▶ **WHAT TO WORK ON**: Please print, exactly as written, the line containing "Piscina cuadrada con" and each line after it through the end of the material; pictures stay out.

▶ **INFORMATION PROVIDED**:
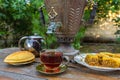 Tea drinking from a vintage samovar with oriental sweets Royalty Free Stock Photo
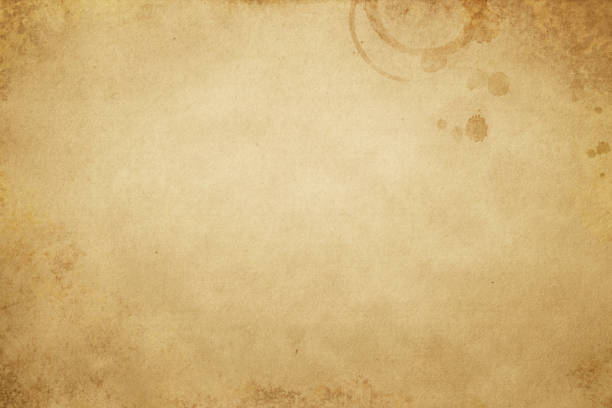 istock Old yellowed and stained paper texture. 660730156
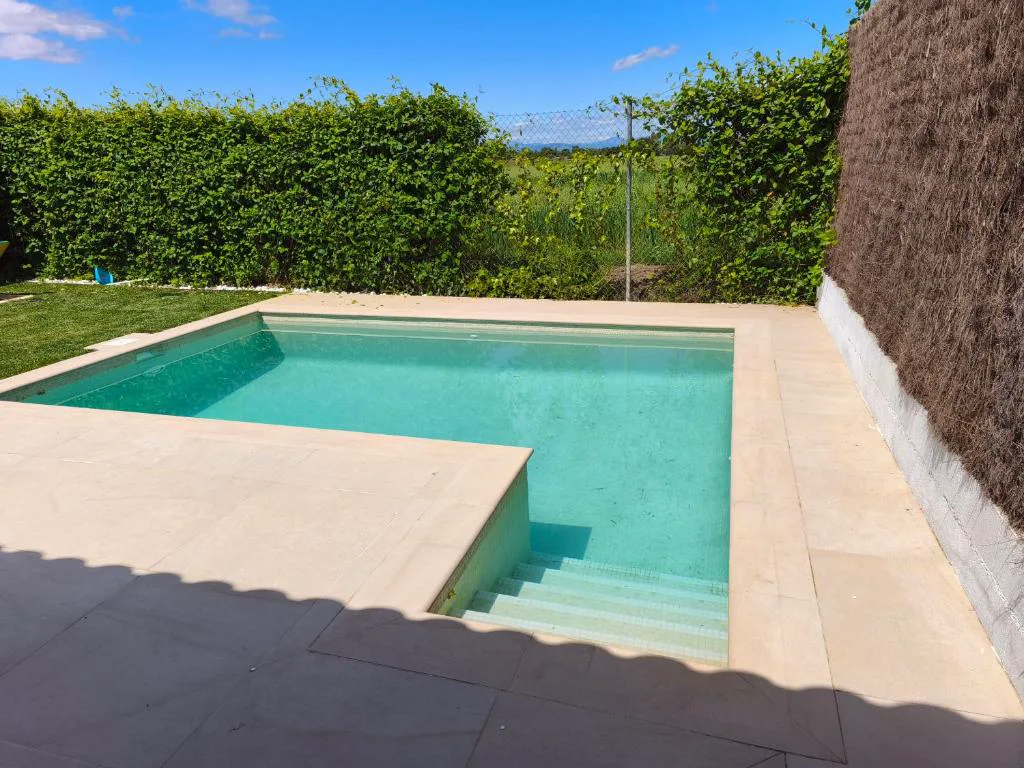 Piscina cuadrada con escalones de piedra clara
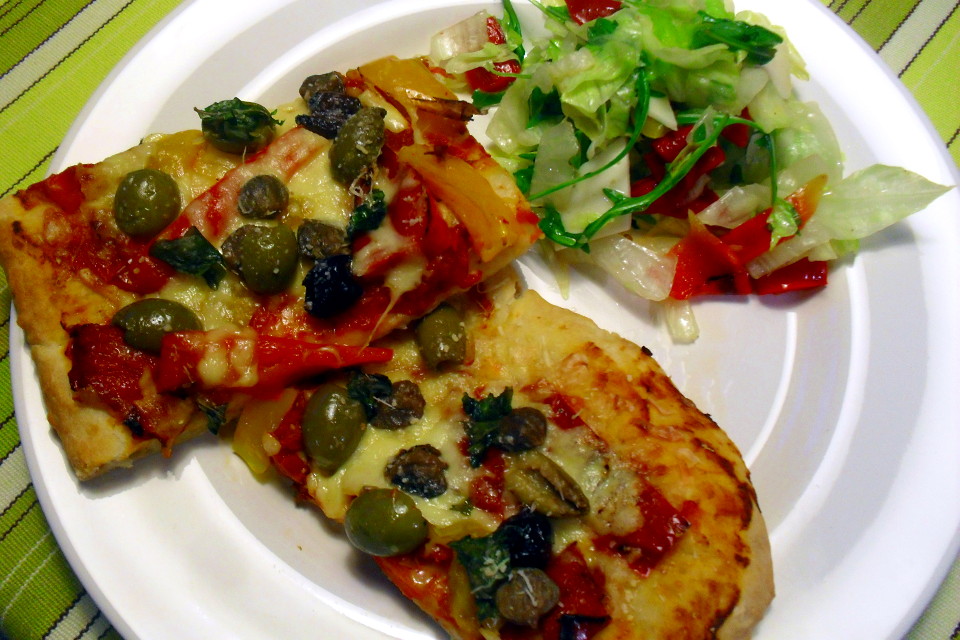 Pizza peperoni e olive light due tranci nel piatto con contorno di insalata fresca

▶ **RESULT OF THIS EXERCISE**:
 Piscina cuadrada con escalones de piedra clara
 Pizza peperoni e olive light due tranci nel piatto con contorno di insalata fresca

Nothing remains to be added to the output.